マイルス・デイヴィスのエレクトリック期(Bitches BrewOn the Cornerを思い浮かけてほしい)の、あの密度高く切迫した、完全に催眠的なグルーヴを求めつつ、それがイラクの伝統音楽の神秘的なレンズを通してフィルタリングされたものを聴きたいなら、Amir ElSaffar and Rivers of SoundのNot Two(2017年)以外に選択肢はない。

イラク系アメリカ人のトランペット奏者・声楽家であるElSaffarが、ここで成し遂げたことは記念碑的だ。彼は特注のチューニングが施されたトランペットを演奏し、アラビア・イスラム音楽の伝統的な微分音(マカーム)を奏でることができる。Not Twoでは彼が17人編成の大型アンサンブル——Rivers of Sound——を率いており、西洋のジャズ楽器(サックス、トランペット、ドラム)とウード、ブズク、サントゥール(ハンマー・ダルシマー)、ダルブッカといった中東の伝統楽器が融合している。
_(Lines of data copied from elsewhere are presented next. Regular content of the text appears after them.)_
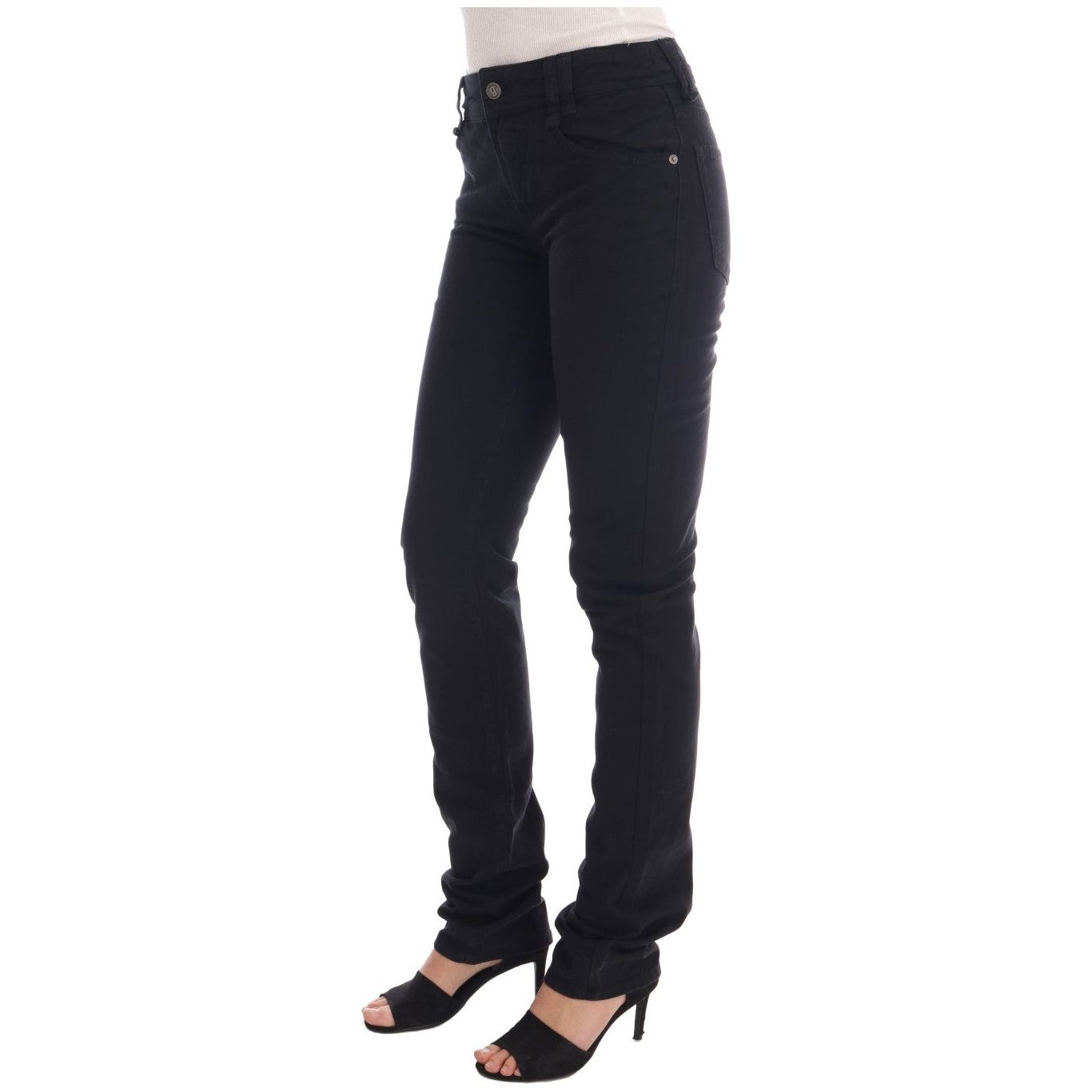 John Galliano | Black Cotton Denim Stretch Regular Fit Jeans | McRichard Designer Brands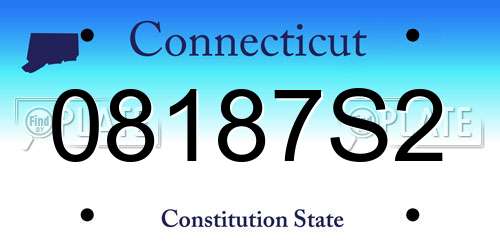 08187S2 Connecticut License Plate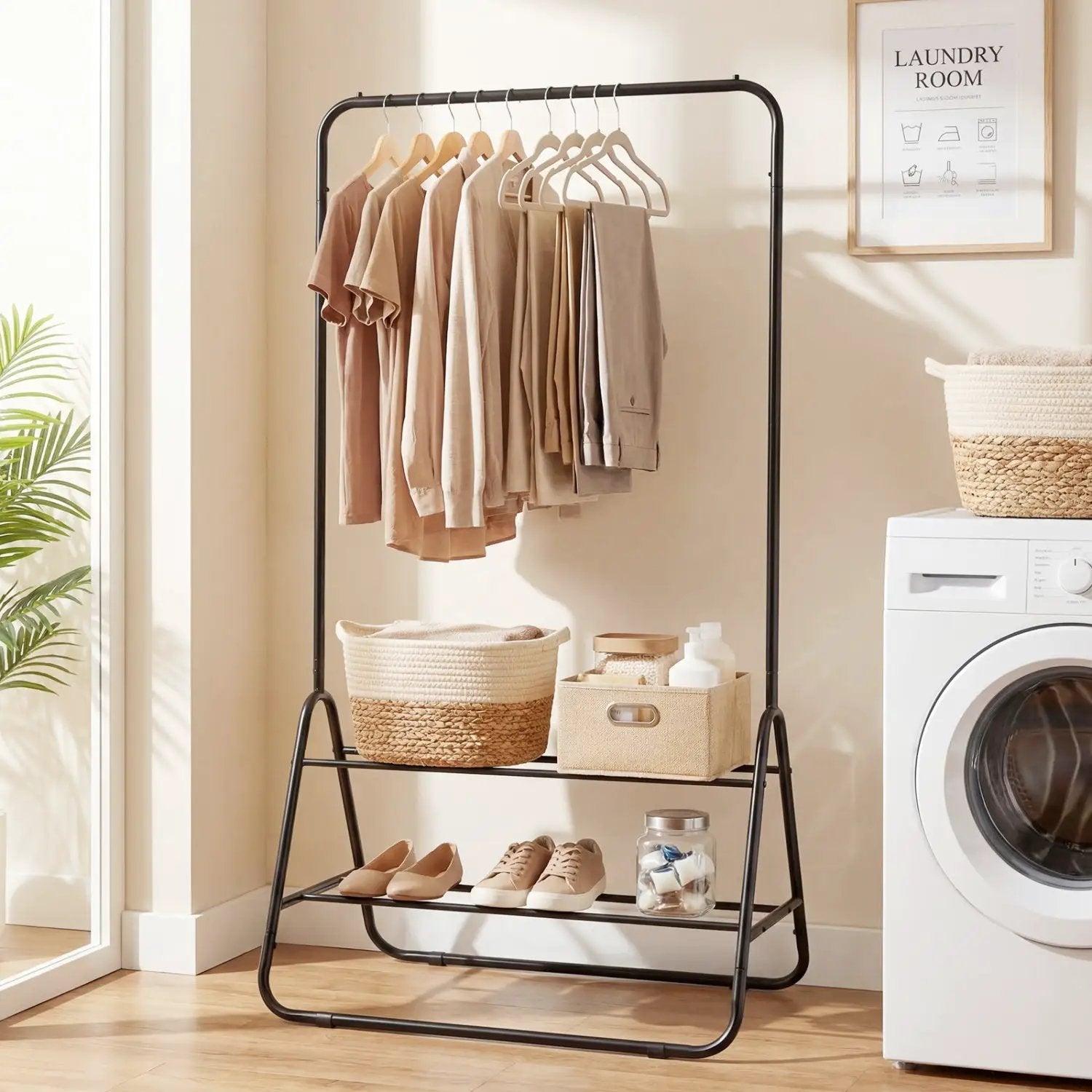Heavy Duty Clothes Rack with Hanging Rod and Storage Shelves by DirectDeals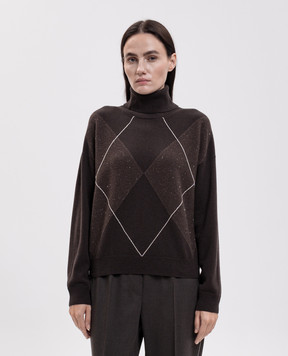 Peserico Brown wool, silk and cashmere sweater with monil chain S99537F12F9283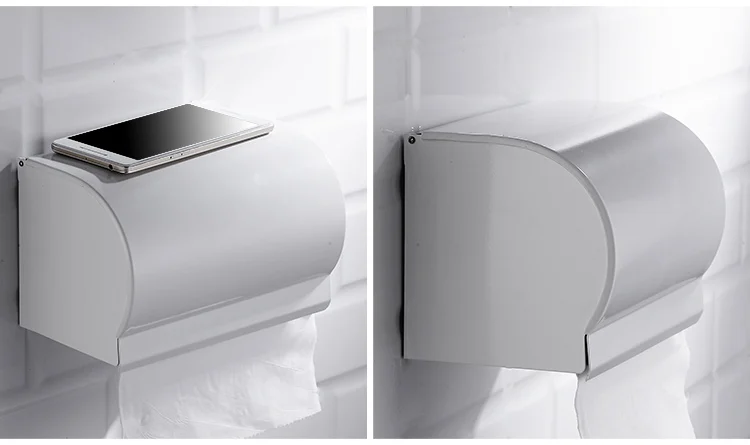 Космическая алюминиевая стойка в скандинавском стиле, белая перфорированная щетка для унитаза с полкой для ванной комнаты, коробка для салфеток с кронштейном для мобильного телефона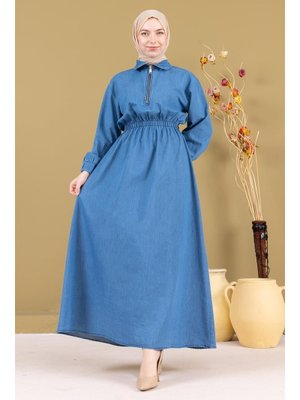 Açık Mavi Fermuarlı Beli Lastikli Kot Elbise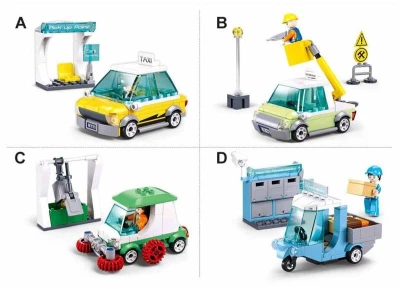 Sluban Metropolis Auto zametač zpětný chod 104 dílků + figurka (stavebnice)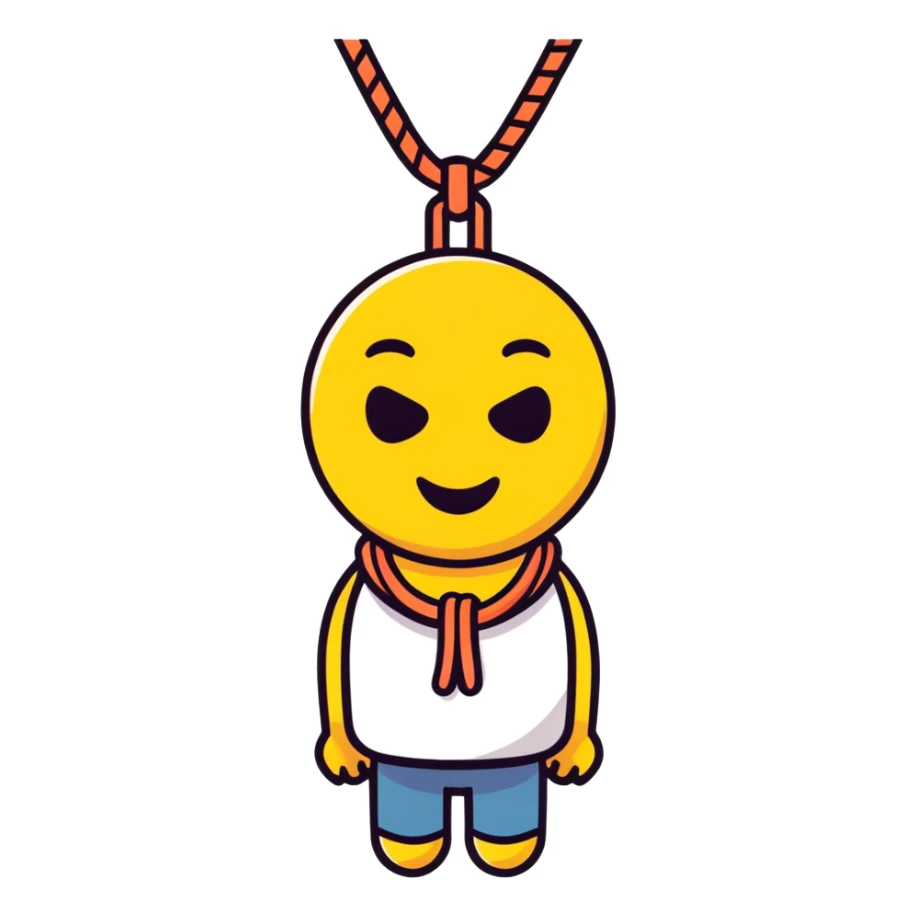 Emoji with a rope around his neck sticker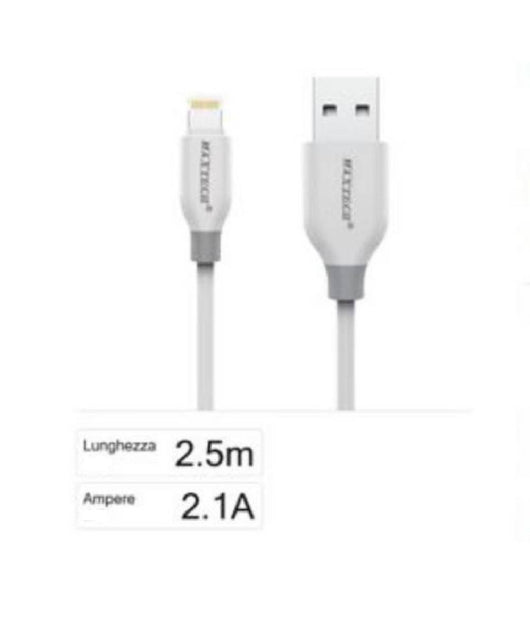 Cavo Ricarica Sincronizzazione Dati Usb Lightning 2.1a Per Iphone 2,5mt F-ip030         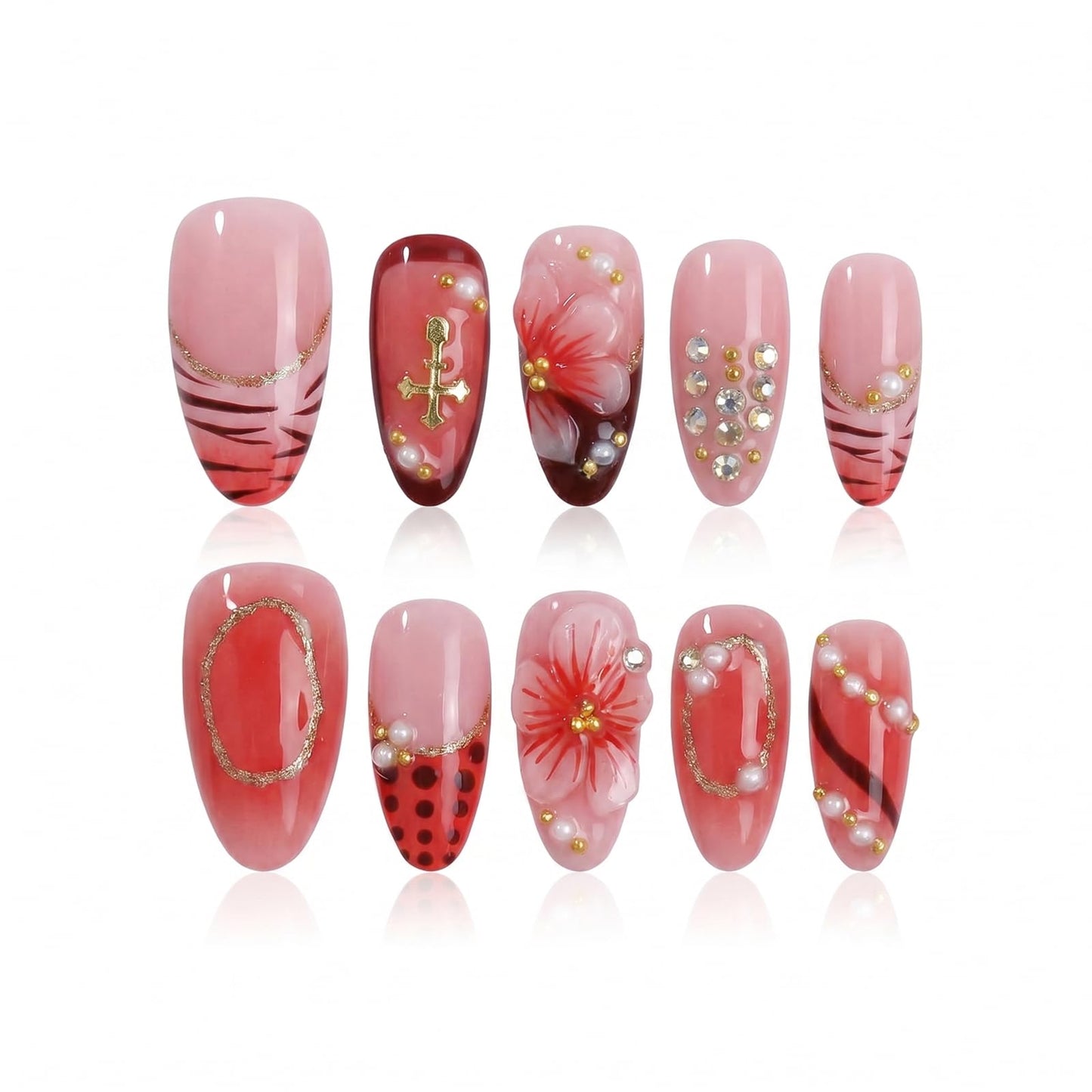 IMRAIN Almond Press on Nails, Medium Fake Nails, Peach Jelly 3D Flower Burgundy French, 30 Pcs Reusable Glue on Nails for Women, Salon Quality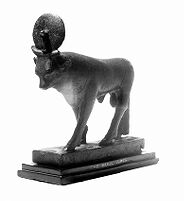 view M0011111: Bronze figure of the Egyptian deity Apis, depicted as a bull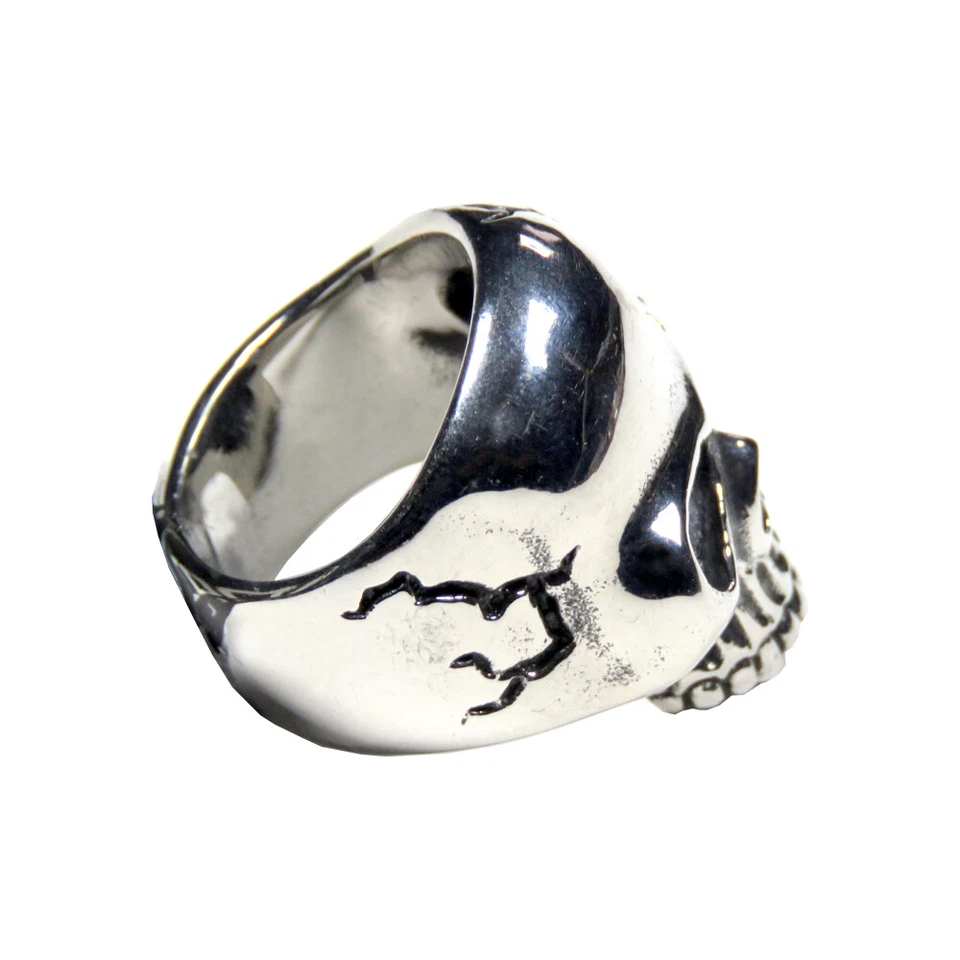 Мужское байкерское кольцо из нержавеющей стали с треснутым черепом - Изображение 2 из 3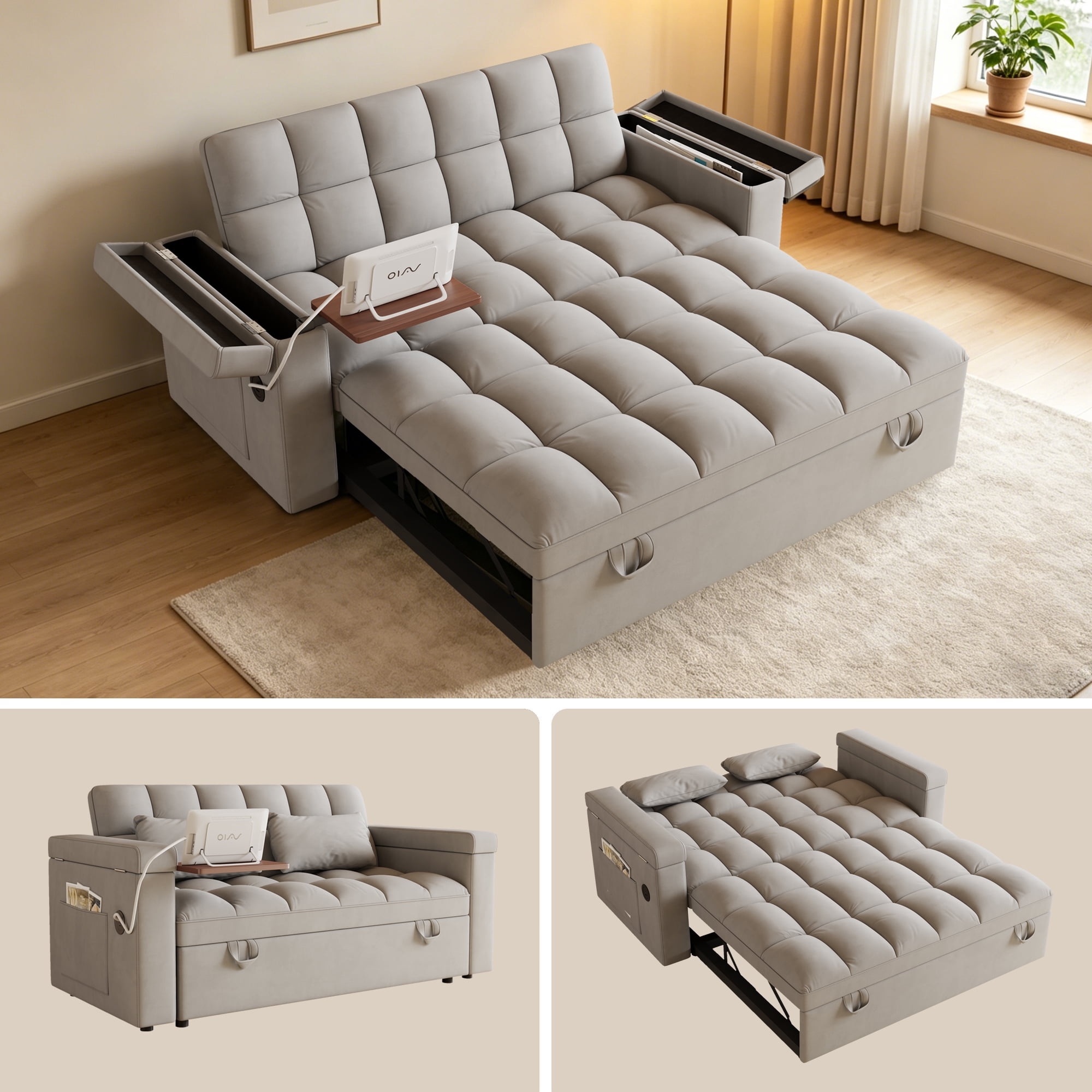 Gewnee 65" Foldable Sofa Bed with Table Board & USB,5-Level Adjustable Backrest & Pillow & Storage Armrests,Space-Saving for Living Room,Apartment,Office.Light Grey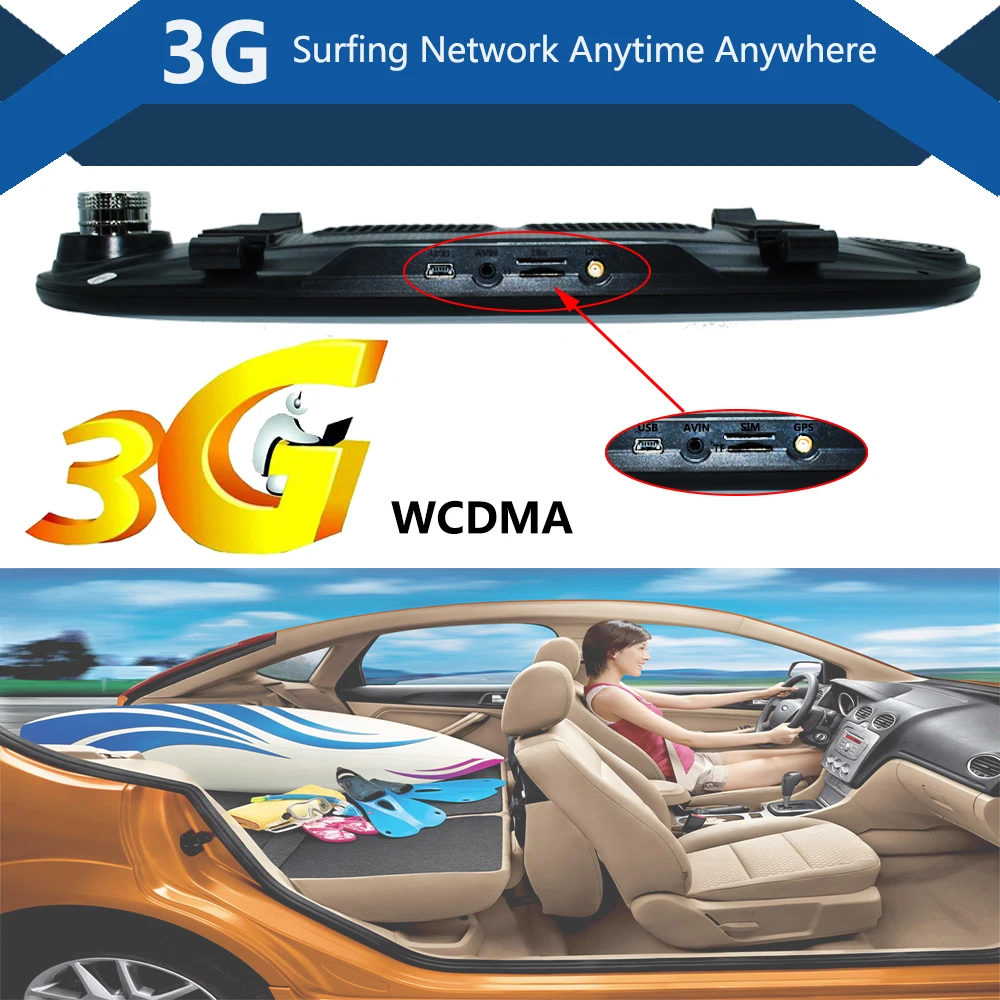 Новый 7 дюймов 3G автомобиля Камера DVR GPS Bluetooth Двойной объектив Зеркало заднего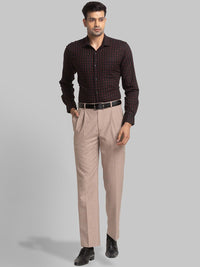Park Avenue Slim Fit Windowpane Checked Cotton Linen Formal Shirt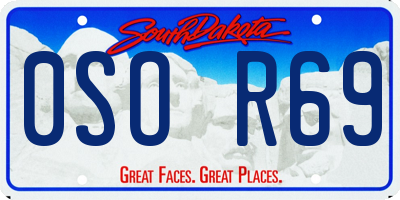 SD license plate 0SOR69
その結果は?圧倒的で複雑なグルーヴに突き動かされる、まさに音の壁だ。ポリリズムはマイルス・デイヴィスのアヴァンギャルド・アンサンブルと同じ、荒削りで止まることのない勢いで変化し蠢く——しかしそのメロディのDNAは純粋にメソポタミア的だ。密度が高く、圧倒的で、そして完全に超越的である。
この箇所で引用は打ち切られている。